Less is more. This week’s Negative Space challenge is what those words are all about. Make your composition’s subject stand out by ensuring you eliminate clutter, distractions and sometimes even a background.
Many minimalistic photography images have a great deal of negative space to isolate the subject. There are tons of genres and ideas that would make for very compelling shots – architecture, landscapes, portraits, food photography, abstracts and so much more. Think about the story or emotion you’d like to convey to your viewer and compose your shot after taking some time to think about it.
We’re looking for clear, un-cluttered images where the space surrounding the main subject or idea enhances your shot by taking the viewer’s eye straight there. That little bit of extra space allows for breathing room and leaves no doubt as to what the main point of interest is.
There’s magic in negative space, when used wisely, so think, breathe, shoot…
- Zoom with your feet: Move around to get the best composition for your photo.
- Different shooting angles: Because everything else is simplified in your frame, you have more license to “break” the rules of typical composition, for example where your subject is placed in the frame, or where they are looking.
- Find your background first: Go on a hunt for a red brick wall, or a blue garage door, then place your subject in front of it.
- Balance: Use the negative space to balance out the main subject.

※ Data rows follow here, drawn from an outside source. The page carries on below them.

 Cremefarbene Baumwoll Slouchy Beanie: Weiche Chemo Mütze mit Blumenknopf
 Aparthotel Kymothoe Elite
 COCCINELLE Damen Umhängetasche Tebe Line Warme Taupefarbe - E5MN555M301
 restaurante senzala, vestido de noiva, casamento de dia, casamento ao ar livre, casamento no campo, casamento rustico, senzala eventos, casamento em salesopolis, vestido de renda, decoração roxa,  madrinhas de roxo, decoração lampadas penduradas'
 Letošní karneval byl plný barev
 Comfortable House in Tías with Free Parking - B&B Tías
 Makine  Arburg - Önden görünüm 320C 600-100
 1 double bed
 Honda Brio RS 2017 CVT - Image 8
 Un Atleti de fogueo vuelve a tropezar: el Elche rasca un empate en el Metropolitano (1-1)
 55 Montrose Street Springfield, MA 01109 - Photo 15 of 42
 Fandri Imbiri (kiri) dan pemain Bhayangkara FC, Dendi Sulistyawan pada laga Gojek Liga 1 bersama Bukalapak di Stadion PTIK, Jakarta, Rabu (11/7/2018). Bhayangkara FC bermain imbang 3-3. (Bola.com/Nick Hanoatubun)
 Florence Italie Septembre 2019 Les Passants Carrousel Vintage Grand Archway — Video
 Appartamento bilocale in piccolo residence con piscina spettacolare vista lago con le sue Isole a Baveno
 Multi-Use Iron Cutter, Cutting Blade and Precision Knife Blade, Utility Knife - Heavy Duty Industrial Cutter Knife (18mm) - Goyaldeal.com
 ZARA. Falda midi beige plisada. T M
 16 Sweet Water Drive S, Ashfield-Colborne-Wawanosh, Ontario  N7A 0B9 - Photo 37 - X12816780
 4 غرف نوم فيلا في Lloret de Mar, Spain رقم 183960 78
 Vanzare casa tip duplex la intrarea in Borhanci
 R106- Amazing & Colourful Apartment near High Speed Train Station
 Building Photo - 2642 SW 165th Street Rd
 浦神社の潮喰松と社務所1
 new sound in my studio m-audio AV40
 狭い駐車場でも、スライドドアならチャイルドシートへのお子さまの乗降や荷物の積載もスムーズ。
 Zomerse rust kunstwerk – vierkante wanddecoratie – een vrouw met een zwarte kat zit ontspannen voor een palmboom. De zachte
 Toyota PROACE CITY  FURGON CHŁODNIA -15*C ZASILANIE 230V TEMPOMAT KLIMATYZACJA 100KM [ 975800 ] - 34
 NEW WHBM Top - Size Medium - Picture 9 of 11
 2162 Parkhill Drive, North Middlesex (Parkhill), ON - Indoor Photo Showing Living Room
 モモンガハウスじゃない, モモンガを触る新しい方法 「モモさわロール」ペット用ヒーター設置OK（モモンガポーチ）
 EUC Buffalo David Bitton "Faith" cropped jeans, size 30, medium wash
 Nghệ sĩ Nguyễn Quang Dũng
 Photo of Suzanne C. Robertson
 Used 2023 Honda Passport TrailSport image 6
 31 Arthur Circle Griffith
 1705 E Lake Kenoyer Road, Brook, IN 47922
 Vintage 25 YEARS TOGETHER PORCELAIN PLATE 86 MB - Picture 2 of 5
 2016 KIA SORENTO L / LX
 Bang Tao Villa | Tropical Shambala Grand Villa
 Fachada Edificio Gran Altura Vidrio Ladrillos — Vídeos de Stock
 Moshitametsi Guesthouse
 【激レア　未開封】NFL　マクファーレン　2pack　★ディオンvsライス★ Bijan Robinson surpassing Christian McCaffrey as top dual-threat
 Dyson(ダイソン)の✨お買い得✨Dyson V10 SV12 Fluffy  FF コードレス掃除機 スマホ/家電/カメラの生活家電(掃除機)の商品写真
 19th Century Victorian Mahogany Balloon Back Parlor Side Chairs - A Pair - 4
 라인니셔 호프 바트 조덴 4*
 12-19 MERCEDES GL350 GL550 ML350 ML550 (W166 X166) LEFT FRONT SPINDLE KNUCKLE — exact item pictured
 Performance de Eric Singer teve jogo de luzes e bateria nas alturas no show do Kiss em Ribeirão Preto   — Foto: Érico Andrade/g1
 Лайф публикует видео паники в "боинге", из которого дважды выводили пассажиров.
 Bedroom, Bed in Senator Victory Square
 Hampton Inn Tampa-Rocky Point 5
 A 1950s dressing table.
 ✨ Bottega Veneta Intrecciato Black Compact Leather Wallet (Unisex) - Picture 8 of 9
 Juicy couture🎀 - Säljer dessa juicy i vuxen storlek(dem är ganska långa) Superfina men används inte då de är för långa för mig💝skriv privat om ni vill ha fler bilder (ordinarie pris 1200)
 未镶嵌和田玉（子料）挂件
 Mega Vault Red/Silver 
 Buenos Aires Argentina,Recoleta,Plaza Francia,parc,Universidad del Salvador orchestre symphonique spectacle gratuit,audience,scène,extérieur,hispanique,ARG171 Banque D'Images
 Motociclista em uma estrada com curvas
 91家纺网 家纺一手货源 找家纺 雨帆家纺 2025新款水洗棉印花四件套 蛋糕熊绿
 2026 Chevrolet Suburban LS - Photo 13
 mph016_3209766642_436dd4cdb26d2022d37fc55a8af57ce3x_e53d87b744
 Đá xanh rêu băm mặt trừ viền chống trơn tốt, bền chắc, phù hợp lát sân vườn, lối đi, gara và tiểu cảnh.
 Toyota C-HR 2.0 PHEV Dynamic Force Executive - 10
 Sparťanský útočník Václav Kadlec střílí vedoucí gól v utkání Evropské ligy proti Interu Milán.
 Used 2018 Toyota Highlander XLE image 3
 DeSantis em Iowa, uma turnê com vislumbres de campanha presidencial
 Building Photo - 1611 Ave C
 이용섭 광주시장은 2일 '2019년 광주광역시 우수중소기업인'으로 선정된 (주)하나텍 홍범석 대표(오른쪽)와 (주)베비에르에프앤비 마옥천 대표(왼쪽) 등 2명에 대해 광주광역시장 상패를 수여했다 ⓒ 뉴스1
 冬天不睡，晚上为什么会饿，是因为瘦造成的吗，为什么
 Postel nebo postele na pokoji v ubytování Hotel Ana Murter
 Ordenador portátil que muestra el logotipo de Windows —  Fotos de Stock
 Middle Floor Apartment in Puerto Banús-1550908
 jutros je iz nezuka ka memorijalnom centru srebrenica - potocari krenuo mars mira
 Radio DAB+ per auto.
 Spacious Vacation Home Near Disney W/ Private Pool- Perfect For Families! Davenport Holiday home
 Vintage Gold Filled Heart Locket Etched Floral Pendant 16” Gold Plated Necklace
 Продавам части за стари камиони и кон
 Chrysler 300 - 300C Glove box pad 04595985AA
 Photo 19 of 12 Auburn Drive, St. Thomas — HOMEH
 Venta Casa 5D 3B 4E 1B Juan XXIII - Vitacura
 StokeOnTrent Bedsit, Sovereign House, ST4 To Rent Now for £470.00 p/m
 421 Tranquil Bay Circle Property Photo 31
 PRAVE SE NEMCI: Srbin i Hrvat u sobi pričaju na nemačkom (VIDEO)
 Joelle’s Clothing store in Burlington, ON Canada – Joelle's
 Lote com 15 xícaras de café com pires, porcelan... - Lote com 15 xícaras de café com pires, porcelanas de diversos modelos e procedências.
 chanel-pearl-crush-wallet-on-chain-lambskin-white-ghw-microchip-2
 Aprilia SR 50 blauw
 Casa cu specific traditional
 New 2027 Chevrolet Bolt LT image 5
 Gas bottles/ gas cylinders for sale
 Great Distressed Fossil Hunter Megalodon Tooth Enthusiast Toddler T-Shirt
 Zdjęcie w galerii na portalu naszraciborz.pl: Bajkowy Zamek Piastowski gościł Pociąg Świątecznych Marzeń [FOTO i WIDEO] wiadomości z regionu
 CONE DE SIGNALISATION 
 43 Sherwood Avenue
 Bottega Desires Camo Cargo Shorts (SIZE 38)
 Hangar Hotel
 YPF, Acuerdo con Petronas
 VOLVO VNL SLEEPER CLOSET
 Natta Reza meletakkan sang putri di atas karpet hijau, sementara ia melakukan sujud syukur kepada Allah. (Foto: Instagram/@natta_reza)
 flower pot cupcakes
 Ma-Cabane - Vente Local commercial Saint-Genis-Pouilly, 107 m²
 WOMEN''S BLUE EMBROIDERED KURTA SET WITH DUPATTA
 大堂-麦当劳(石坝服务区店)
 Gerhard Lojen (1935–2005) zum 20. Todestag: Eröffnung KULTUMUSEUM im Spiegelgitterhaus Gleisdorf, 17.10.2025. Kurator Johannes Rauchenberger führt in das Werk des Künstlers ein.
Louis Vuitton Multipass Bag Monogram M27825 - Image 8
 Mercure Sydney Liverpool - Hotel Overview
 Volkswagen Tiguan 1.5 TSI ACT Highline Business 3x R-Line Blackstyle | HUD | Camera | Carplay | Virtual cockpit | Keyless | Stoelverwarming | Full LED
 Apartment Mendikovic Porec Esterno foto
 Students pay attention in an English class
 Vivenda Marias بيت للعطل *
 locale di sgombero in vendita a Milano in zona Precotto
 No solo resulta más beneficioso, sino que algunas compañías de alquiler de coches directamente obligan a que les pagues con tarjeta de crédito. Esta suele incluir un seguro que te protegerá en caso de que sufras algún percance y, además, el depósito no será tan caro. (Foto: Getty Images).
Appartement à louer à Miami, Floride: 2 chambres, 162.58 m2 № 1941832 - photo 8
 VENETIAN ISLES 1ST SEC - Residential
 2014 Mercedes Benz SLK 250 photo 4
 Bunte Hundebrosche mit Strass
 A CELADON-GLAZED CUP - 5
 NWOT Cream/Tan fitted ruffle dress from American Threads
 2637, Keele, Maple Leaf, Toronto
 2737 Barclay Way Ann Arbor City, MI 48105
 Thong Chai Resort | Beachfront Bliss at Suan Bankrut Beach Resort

Don’t go overboard with the negative space, making it hard for the viewer to understand and absorb the main focus point of your shot.
- Shoot wide open: That dreamy, creamy bokeh is a great way to simplify your subject’s background, and keep the frame more minimalistic.
I would have loved to use some of the shots I took at Crete as they would have suited this challenge perfectly, but no, still I think they are great examples of negative space.